- [To do] What follows is a set of records. Copy them exactly and leave out the images.

- [Information shown]
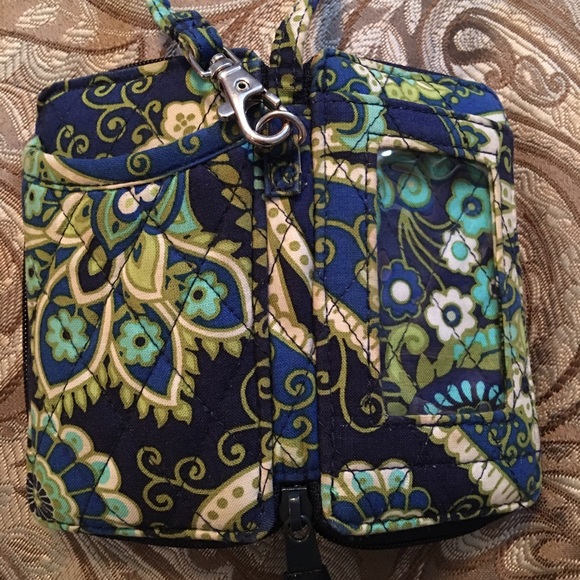 Vera Bradley Wristlet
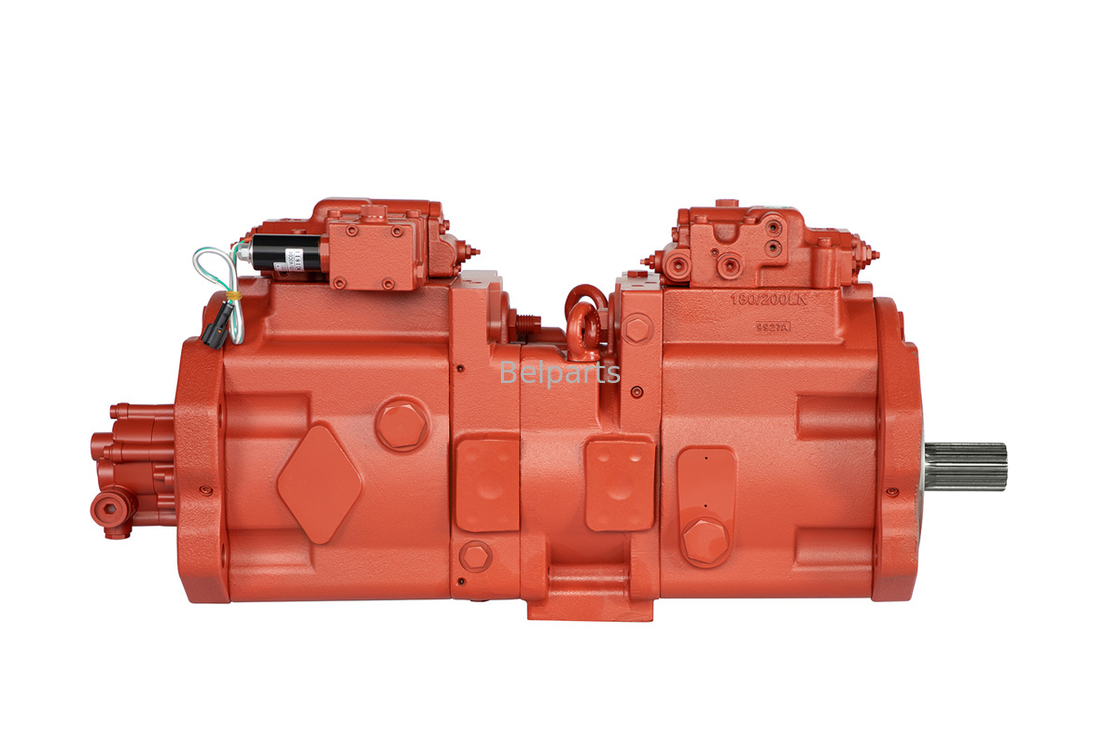 Ремонт насоса экскаватора Hyundai R455 K5V200DTH-9C0Z, сборка гидравлического насоса 31QA-10010 31NB-10022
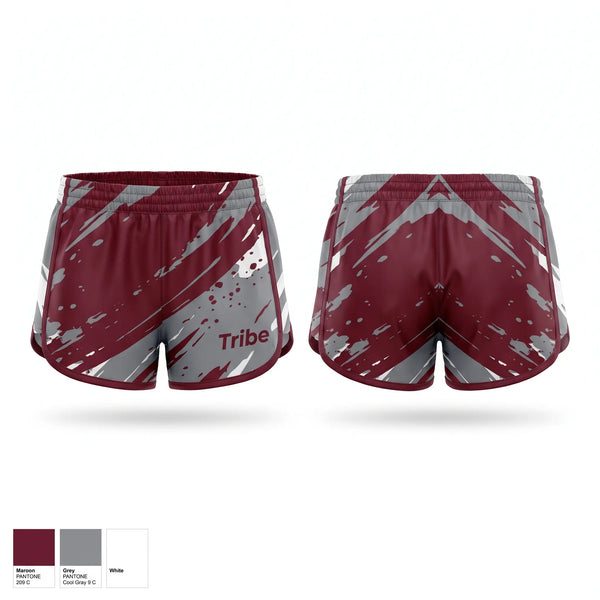 Womens Shorts, Tribe, Baseball, Teamtime, Team time, sublimation, custom sports apparel, team uniforms, spirit wear, spiritwear, sports uniforms, custom shirts, team store, custom team store, fundraiser sports, apparel fundraiser
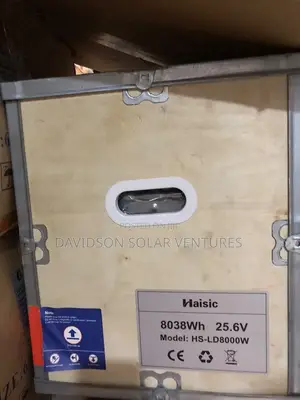 8kwh 24v Haisic Lithium Ion Battery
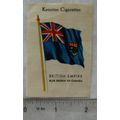 1938 Kensitas Cigarette Silk, British Empire, B...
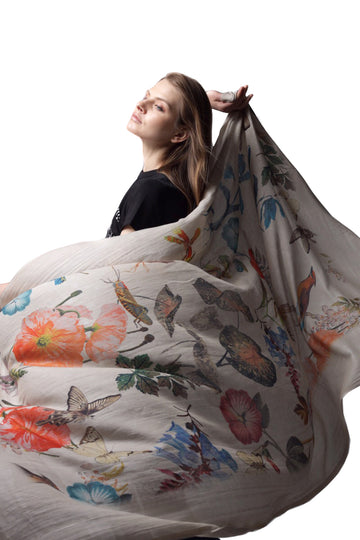 CHIE IMAI Scarf Collection - Paradise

- [Written solution]
 Vera Bradley Wristlet
 Ремонт насоса экскаватора Hyundai R455 K5V200DTH-9C0Z, сборка гидравлического насоса 31QA-10010 31NB-10022
 Womens Shorts, Tribe, Baseball, Teamtime, Team time, sublimation, custom sports apparel, team uniforms, spirit wear, spiritwear, sports uniforms, custom shirts, team store, custom team store, fundraiser sports, apparel fundraiser
 8kwh 24v Haisic Lithium Ion Battery
 1938 Kensitas Cigarette Silk, British Empire, B...
 CHIE IMAI Scarf Collection - Paradise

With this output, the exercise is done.